WHAT YOU WILL DO:
Please give the number of lines in the records below where the word "Cotton" occurs, and nothing else.

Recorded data
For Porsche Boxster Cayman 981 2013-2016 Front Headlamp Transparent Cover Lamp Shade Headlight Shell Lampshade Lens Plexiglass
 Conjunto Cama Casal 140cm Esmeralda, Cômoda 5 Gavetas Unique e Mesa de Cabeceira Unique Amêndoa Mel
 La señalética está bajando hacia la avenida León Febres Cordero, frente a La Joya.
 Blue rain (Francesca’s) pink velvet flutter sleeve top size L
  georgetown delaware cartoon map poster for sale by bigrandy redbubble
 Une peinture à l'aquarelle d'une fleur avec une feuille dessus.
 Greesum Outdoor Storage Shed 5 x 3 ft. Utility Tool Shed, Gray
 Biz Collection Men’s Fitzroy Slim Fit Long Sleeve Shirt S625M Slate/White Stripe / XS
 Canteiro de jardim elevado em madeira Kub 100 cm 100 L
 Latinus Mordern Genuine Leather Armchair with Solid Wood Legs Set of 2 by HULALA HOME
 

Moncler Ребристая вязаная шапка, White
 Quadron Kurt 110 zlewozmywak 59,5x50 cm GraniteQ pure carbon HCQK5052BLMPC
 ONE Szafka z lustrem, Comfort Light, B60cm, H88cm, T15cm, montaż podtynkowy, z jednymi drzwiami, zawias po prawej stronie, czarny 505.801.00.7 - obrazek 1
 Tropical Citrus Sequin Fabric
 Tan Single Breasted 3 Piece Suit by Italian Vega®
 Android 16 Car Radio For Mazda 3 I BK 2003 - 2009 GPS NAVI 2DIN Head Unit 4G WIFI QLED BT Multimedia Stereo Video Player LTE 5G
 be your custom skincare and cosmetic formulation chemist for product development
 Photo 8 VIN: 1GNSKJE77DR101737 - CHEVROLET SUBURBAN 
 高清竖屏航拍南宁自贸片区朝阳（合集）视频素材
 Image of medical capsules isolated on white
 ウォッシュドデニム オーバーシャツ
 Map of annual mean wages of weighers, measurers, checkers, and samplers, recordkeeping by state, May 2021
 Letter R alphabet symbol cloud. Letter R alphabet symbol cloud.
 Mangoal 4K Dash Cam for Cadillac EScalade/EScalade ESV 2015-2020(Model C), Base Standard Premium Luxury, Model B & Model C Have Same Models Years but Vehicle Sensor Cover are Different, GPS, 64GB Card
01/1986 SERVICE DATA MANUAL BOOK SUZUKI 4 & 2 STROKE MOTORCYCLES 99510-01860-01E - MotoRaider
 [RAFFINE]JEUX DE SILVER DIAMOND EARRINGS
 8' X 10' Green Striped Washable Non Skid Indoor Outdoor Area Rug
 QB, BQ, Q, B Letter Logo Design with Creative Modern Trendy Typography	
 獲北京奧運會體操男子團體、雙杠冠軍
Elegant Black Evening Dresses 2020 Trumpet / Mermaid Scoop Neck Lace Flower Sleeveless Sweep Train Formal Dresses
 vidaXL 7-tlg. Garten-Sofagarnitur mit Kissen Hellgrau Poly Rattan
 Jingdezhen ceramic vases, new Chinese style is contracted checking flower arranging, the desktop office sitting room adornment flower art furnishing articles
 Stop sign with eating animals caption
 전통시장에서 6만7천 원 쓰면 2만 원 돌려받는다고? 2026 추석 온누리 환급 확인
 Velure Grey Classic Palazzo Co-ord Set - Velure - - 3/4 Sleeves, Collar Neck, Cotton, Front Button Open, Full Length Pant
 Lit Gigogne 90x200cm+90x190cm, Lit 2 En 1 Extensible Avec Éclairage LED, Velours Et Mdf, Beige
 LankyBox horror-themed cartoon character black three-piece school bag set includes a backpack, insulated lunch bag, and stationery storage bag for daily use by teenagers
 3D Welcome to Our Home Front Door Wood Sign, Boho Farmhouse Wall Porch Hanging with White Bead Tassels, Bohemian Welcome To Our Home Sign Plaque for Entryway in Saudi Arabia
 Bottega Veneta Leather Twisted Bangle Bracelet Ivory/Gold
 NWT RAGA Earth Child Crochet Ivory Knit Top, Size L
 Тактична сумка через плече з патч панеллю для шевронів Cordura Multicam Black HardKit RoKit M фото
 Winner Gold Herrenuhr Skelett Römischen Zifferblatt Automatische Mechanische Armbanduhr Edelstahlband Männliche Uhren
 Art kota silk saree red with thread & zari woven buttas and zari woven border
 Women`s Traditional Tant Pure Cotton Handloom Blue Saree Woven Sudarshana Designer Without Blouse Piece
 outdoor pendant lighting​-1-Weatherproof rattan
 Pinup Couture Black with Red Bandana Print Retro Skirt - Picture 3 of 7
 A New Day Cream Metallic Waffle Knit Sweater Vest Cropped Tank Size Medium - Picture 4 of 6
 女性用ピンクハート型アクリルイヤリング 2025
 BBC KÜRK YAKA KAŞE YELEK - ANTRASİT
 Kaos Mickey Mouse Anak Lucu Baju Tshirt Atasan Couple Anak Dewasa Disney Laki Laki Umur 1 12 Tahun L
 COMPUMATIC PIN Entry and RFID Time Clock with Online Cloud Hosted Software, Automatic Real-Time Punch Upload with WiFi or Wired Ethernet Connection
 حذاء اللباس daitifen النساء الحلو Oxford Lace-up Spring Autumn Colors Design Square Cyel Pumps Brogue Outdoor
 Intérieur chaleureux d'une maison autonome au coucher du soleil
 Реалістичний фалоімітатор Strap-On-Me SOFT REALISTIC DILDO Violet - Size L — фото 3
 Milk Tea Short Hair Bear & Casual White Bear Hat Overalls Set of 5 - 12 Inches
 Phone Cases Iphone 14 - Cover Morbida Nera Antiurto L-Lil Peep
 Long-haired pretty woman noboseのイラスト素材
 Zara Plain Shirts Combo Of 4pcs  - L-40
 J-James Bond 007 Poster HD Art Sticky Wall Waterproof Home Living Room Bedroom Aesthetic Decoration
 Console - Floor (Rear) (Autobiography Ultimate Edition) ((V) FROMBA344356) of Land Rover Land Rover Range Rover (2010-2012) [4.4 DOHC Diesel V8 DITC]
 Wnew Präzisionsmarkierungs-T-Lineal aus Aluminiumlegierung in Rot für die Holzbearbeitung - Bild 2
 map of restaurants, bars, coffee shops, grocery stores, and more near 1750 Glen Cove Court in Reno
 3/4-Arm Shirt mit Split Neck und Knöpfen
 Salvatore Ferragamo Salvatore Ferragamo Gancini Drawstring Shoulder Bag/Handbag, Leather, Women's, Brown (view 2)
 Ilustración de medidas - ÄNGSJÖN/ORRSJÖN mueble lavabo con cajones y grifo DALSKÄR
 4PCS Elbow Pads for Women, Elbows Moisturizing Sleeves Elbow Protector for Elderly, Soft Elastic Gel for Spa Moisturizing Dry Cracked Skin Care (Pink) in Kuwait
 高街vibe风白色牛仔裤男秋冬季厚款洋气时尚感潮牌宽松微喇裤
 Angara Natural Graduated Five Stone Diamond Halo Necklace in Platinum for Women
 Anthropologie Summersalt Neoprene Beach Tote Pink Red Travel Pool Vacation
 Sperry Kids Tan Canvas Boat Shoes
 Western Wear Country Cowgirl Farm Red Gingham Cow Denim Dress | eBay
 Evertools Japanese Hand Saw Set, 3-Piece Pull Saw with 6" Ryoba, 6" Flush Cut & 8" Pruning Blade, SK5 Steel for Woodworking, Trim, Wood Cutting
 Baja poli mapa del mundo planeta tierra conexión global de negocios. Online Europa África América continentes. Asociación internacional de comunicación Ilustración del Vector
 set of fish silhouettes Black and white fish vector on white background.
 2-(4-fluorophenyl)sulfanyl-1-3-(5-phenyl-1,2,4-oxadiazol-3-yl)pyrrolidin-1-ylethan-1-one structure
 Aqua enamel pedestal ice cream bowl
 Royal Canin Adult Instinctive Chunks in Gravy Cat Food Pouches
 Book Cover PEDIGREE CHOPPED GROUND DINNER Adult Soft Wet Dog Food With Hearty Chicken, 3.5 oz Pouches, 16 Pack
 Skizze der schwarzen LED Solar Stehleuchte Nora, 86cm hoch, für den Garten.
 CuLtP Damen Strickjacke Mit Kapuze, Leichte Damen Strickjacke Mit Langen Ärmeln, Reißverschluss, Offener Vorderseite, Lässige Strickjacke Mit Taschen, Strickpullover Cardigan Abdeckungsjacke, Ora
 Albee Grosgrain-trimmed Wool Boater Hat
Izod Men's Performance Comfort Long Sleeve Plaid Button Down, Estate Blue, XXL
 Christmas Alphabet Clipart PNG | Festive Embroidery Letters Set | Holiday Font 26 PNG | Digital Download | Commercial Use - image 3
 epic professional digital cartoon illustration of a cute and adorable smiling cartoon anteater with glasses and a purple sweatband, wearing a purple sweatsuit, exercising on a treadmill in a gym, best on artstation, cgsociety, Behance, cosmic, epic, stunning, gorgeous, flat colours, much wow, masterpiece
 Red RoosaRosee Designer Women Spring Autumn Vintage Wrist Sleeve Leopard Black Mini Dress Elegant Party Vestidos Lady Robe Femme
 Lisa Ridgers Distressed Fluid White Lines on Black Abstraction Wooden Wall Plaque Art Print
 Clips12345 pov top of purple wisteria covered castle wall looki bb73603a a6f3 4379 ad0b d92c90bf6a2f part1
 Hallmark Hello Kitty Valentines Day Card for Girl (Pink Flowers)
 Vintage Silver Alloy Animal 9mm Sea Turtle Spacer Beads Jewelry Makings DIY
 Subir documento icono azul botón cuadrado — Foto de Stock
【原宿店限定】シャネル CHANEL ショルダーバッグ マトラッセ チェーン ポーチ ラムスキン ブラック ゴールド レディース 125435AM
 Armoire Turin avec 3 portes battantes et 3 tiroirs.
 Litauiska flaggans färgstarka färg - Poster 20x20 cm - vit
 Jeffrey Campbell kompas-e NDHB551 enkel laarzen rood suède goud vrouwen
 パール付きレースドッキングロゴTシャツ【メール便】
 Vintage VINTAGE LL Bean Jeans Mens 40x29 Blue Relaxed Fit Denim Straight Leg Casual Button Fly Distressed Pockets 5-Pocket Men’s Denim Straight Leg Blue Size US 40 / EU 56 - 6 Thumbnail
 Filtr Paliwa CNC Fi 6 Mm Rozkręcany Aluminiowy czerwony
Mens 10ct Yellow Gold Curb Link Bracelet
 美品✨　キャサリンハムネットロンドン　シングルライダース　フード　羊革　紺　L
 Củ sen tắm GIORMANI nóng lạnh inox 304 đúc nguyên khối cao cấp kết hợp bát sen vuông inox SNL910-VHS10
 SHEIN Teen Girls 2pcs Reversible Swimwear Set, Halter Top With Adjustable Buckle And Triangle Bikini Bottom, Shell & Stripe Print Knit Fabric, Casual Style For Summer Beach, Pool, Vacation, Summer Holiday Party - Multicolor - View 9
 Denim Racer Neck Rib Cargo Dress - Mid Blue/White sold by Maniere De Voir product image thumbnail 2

THE COMPLETED TASK:
2